Italian fashion icon Giorgio Armani, who died of an undisclosed health issue at the age of 91, has left an indelible mark in the world of Italian and global fashion for men and women. He will be remembered as perhaps he would like to be as the man who deconstructed the formal stiff male jacket, made it less stuffy, less formal and gave it a rakish touch.
He seems to have done for male fashion what the men could not have done for themselves. But this aesthetic onslaught on the jacket, the male bastion as it were, was however based on an intuitive and radical social insight. He told the Esquire magazine in 2024 on his 90th birthday, “I had the feeling of what actually happened – women getting to the forefront in the workplace, men accepting their soft side – early in my career, and that was the base of my success.”

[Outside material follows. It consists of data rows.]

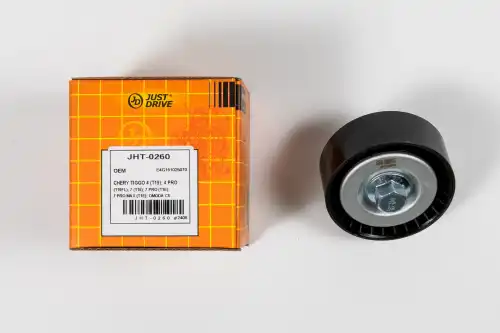 Ролик приводного ремня JHT0260 JUST DRIVE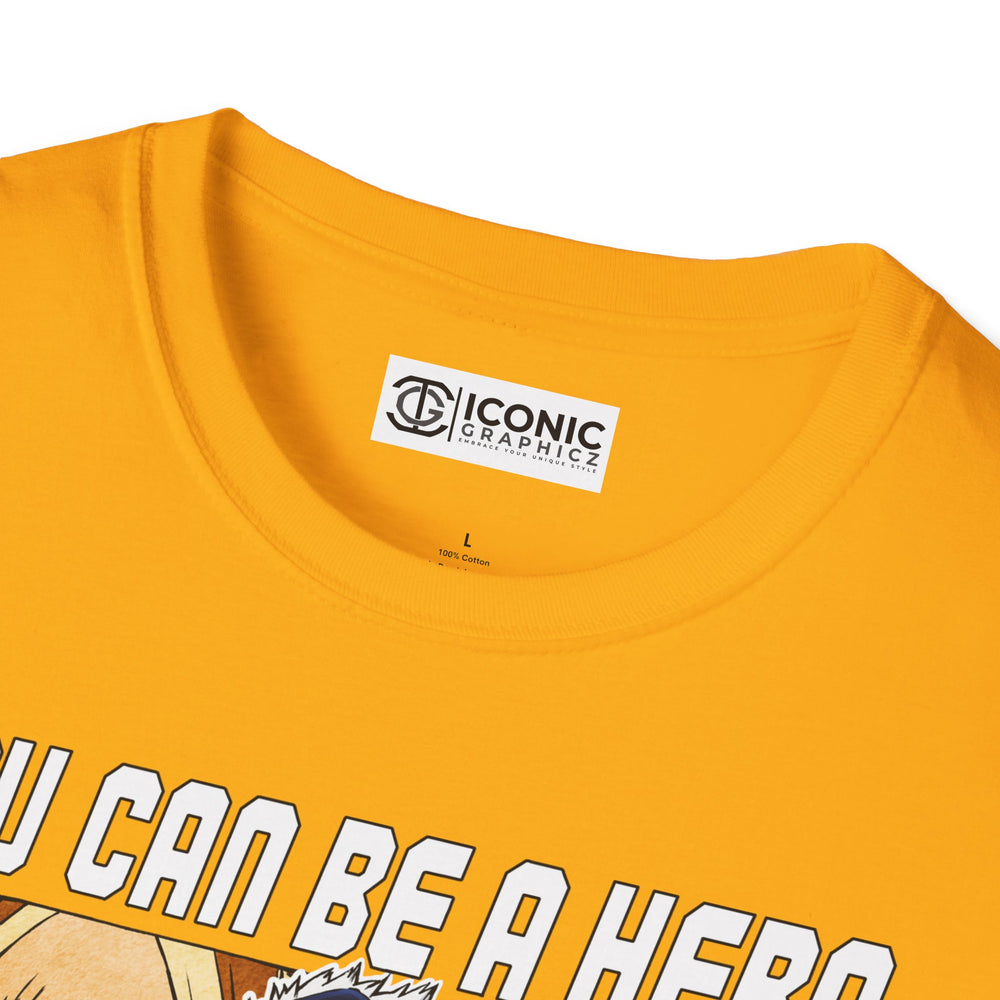 Deku and Bakugo My hero academia T-Shirt -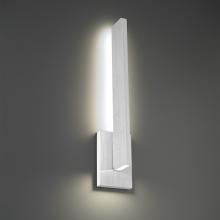 Modern Forms US Online WS-W18122-40-AL - Mako Outdoor Wall Sconce Light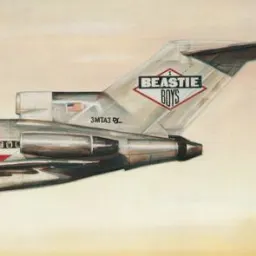 Cover art for Beastie Boys - Brass Monkey
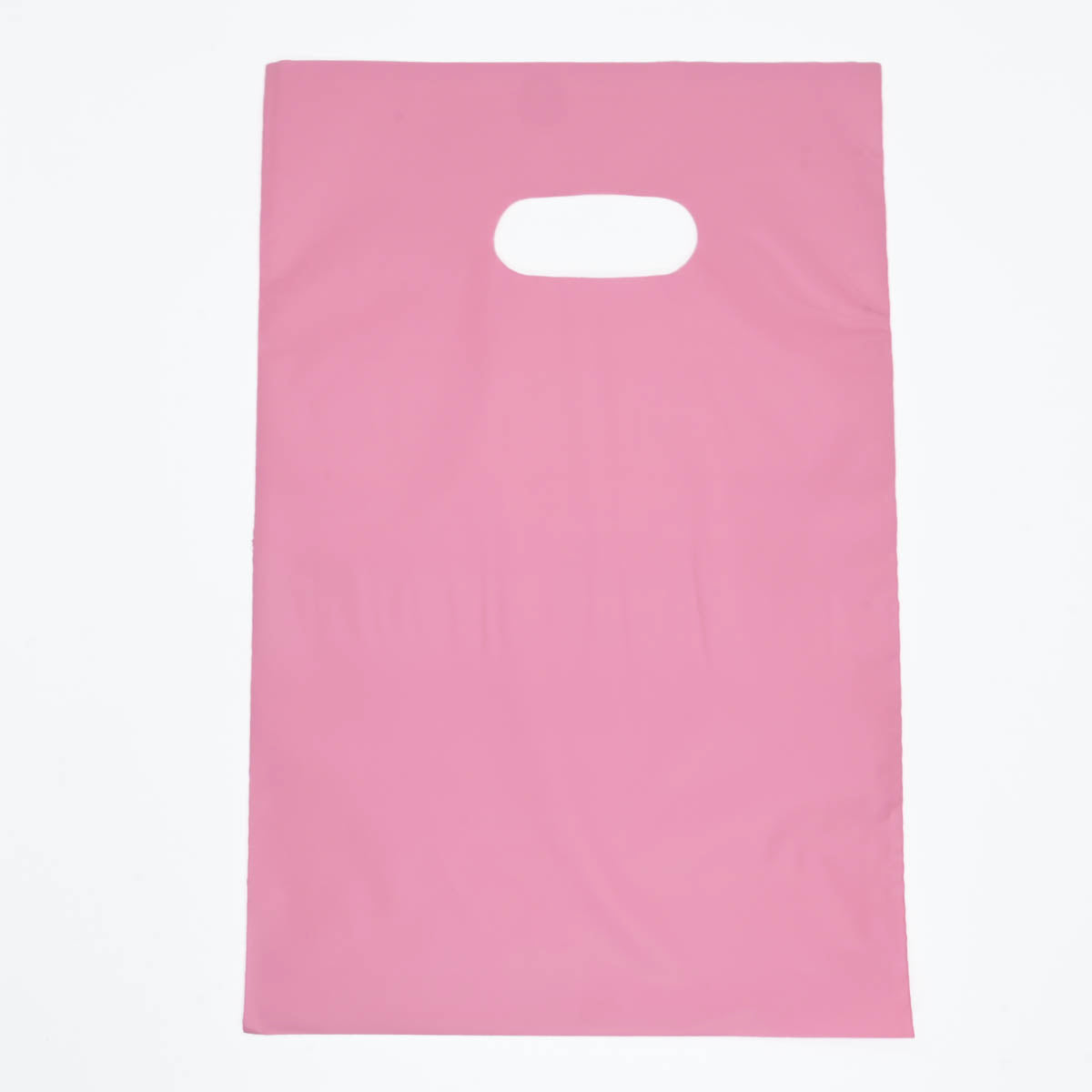 Bolsa Boutique Plástica 15x25 cm – 12 Colores | Pack 50 Unidades
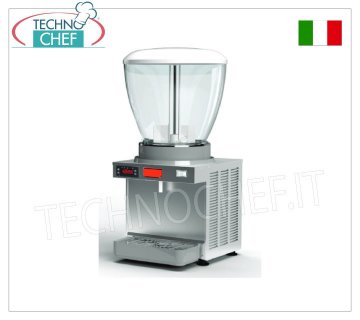 Máquina de bebidas frías - depósito de 19 litros - con termostato electrónico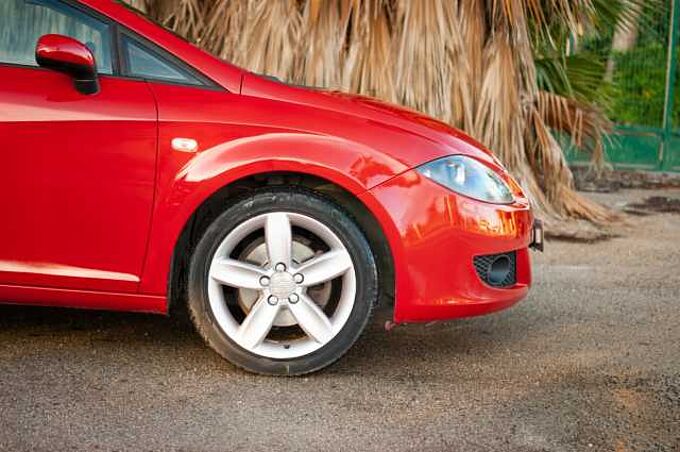 SEAT Leon ES - Ber5 2.0 TDI EU4, Stylance / Style, 2005 - 2009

He had foreseen the arrival of the 1990s buzzword, “metrosexual”, the male socialite who took to fashion accessories with unrestrained enthusiasm. And when designed for women, he was keen that it should be subdued and not too loud. He did not like to use fashion to make a woman the sexual object. It is a strange mix of discreetness and elegance. He saw elegance in discreet apparel.
Armani’s was in many ways a typical Italian upbringing. He was born in a lower-income family in a small town near Milan. His father was a member of the fascist party, his mother a homemaker. He recalls that his mother had dressed him, his brother and sister in such a fashion that they appeared to come from a well-off family background though in truth they were poor.
In Milan he found his calling in a rather roundabout way. He dropped from the medicine course after two years, served in the military, and came back to civilian life to work in a departmental store. One of his assignments there was to dress up the widows.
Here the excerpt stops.